Data listing:

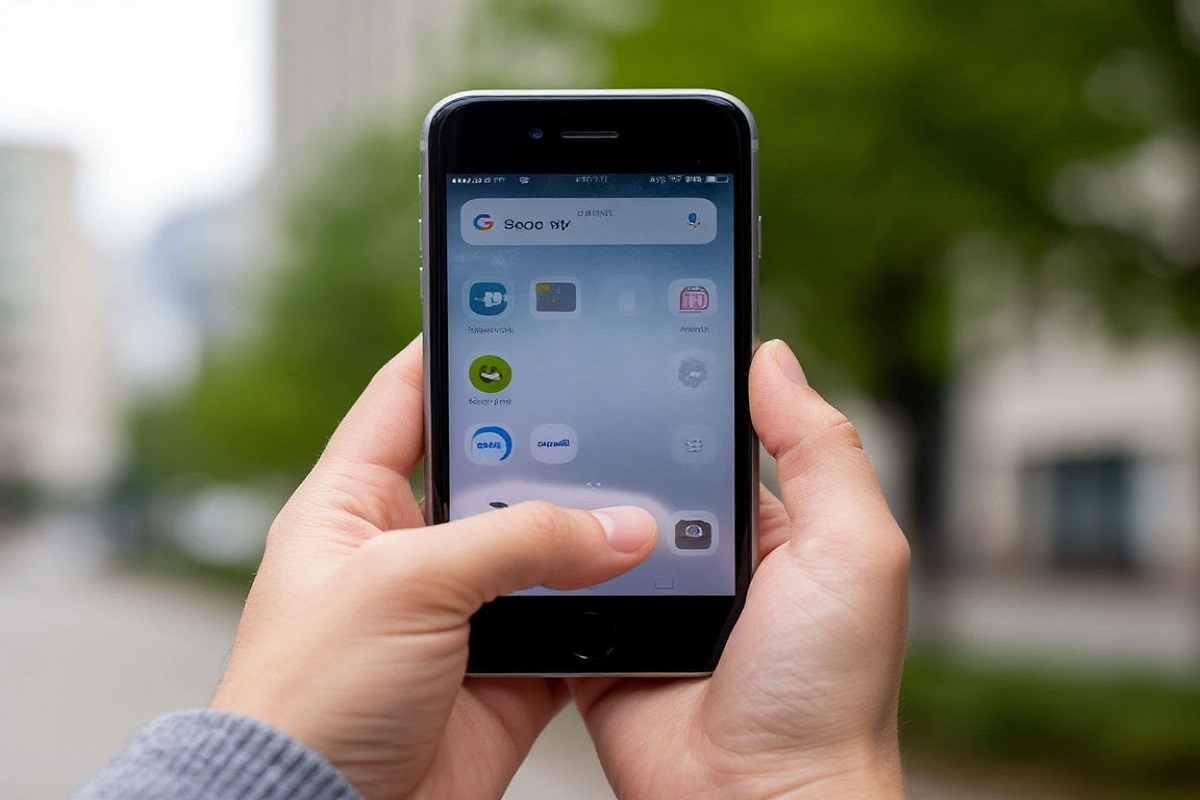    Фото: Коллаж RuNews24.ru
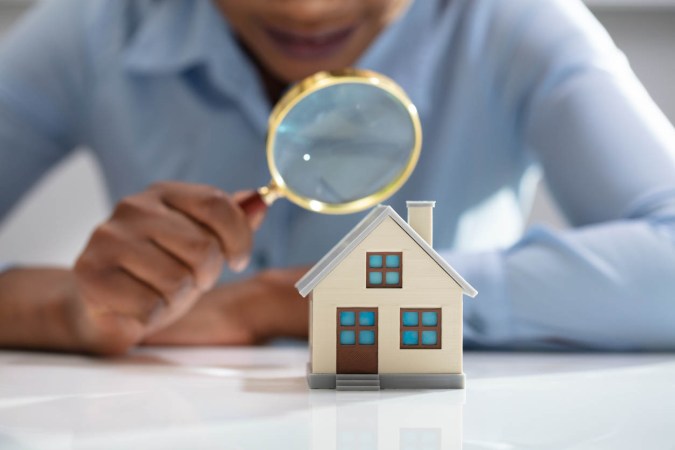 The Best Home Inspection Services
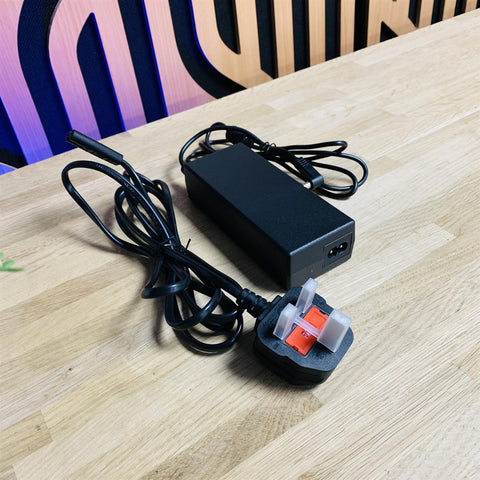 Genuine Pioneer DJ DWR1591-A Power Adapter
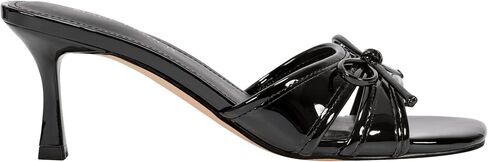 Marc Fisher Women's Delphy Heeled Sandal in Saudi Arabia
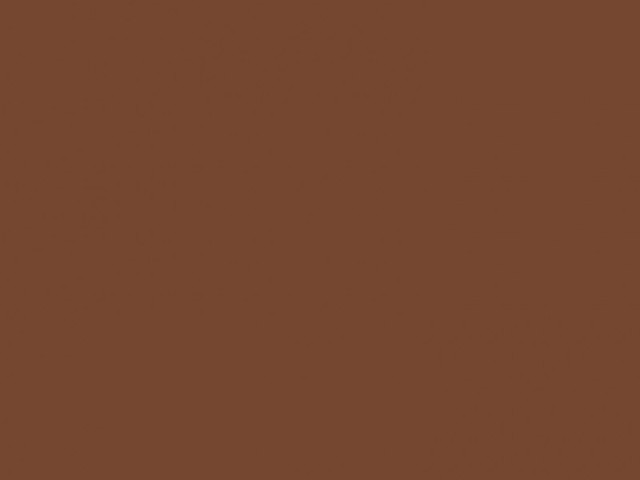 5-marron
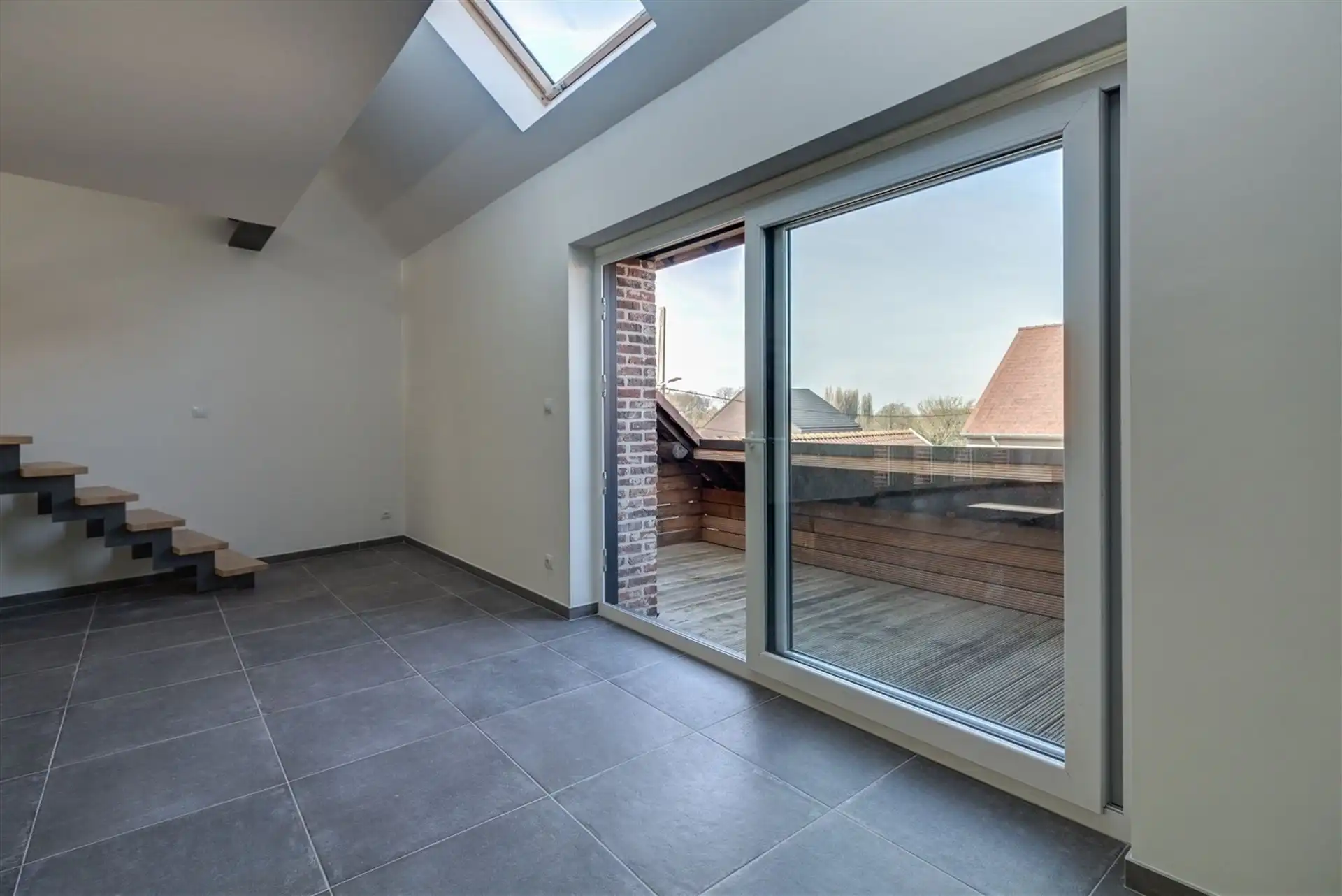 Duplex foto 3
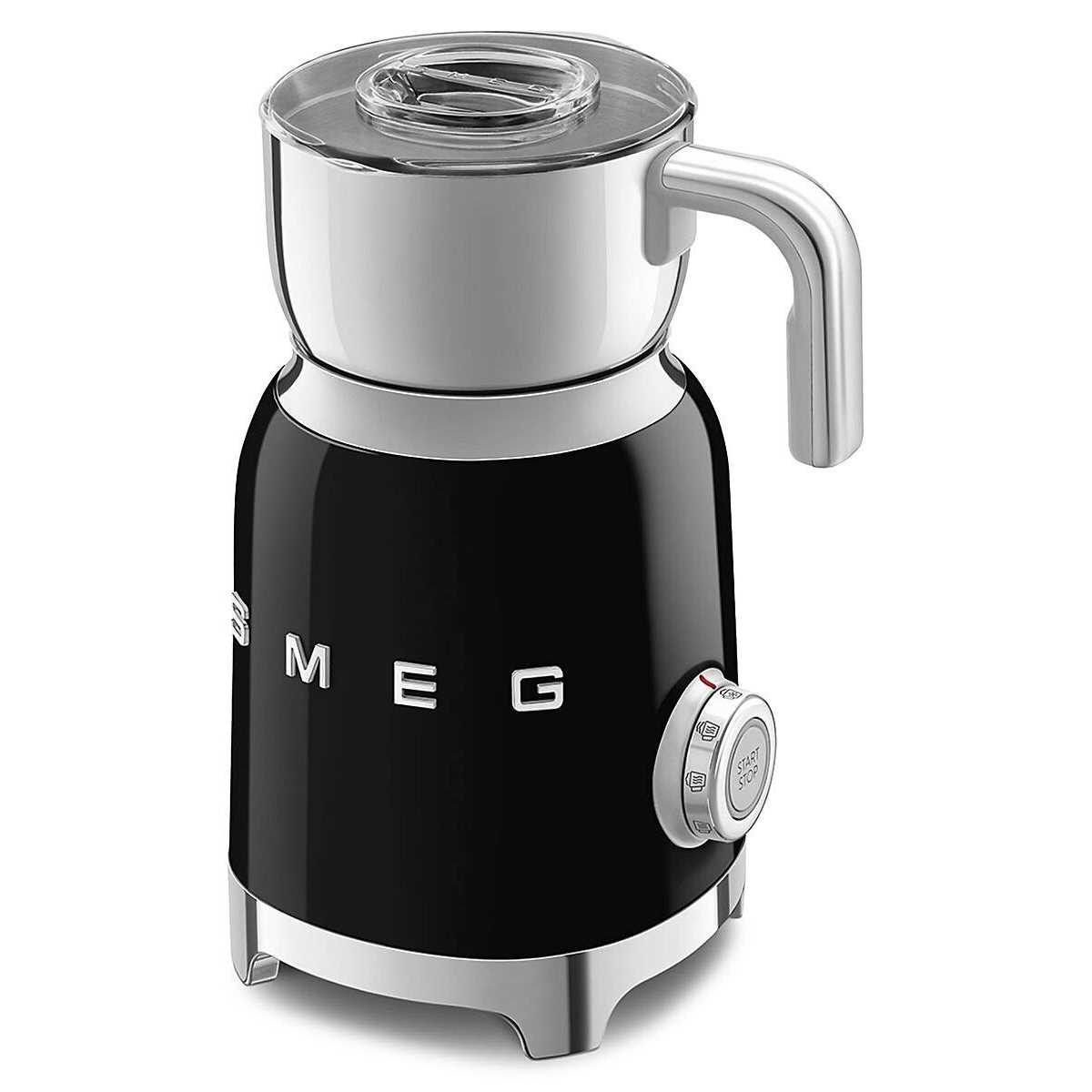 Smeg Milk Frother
---
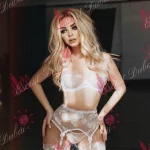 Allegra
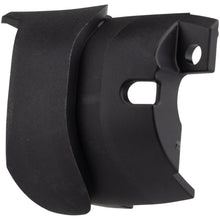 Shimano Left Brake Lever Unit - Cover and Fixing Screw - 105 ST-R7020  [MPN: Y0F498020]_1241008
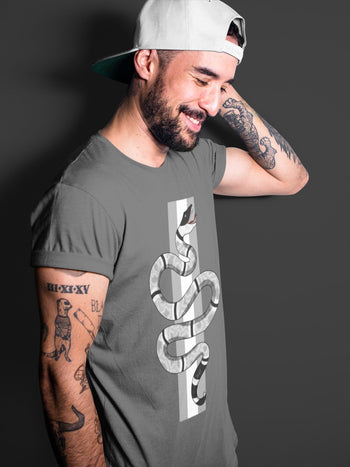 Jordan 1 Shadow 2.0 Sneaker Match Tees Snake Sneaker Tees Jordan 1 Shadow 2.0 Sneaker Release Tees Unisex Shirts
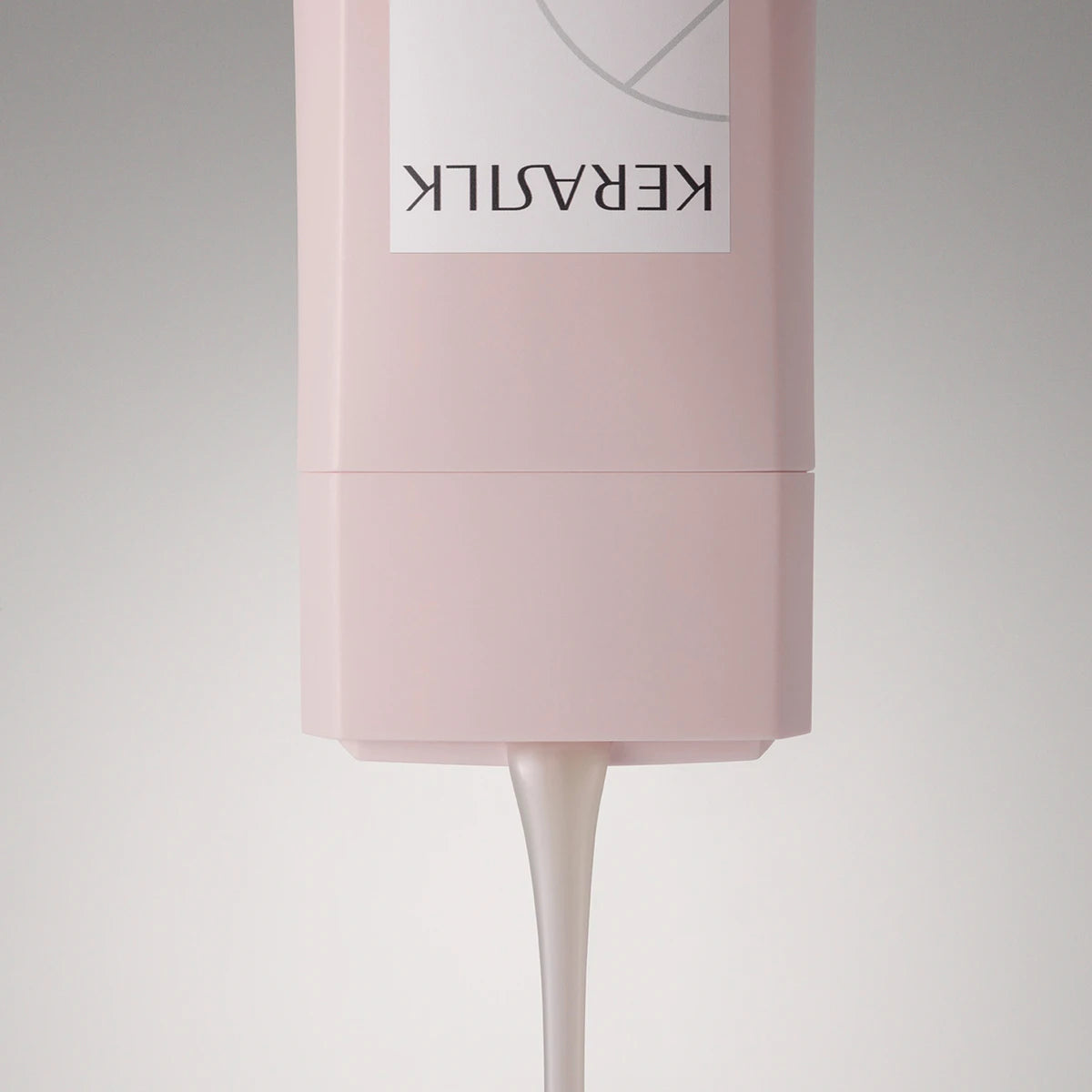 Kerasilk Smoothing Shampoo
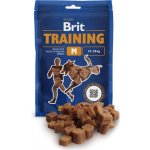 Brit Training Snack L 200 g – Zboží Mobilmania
--
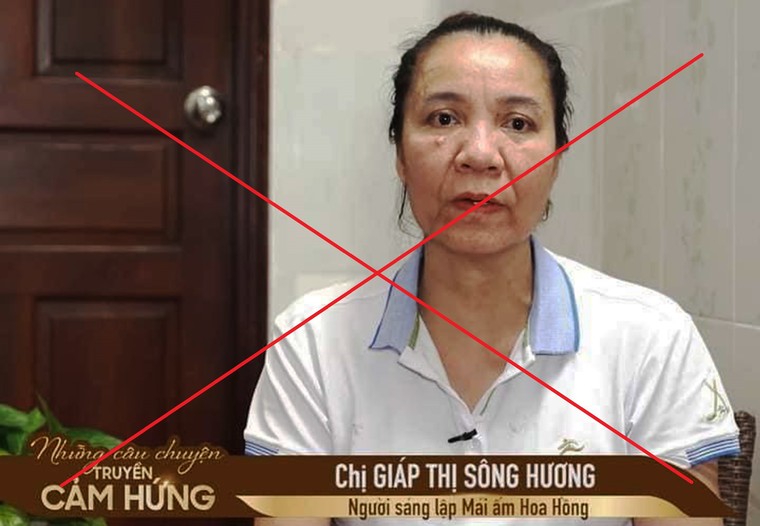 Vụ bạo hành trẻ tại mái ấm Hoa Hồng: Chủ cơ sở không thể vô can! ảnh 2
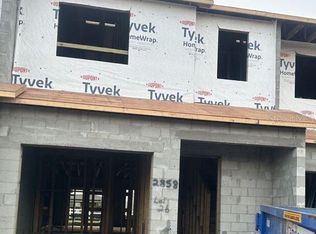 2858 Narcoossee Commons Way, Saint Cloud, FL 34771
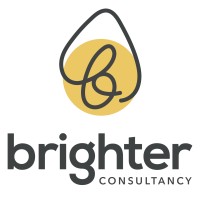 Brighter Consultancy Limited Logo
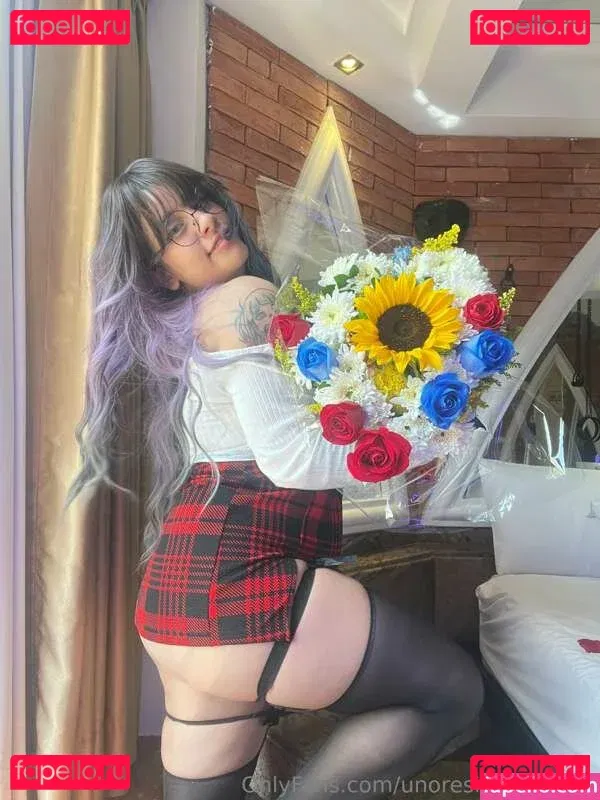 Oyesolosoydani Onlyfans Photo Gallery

What to do:
Within the listing above, the stretch from the line with "Kerasilk Smoothing Shampoo" down to the line with "Brit Training Snack" is to be given again exactly, end lines included and pictures excluded.

Result of this exercise:
 Kerasilk Smoothing Shampoo
 Brit Training Snack L 200 g – Zboží Mobilmania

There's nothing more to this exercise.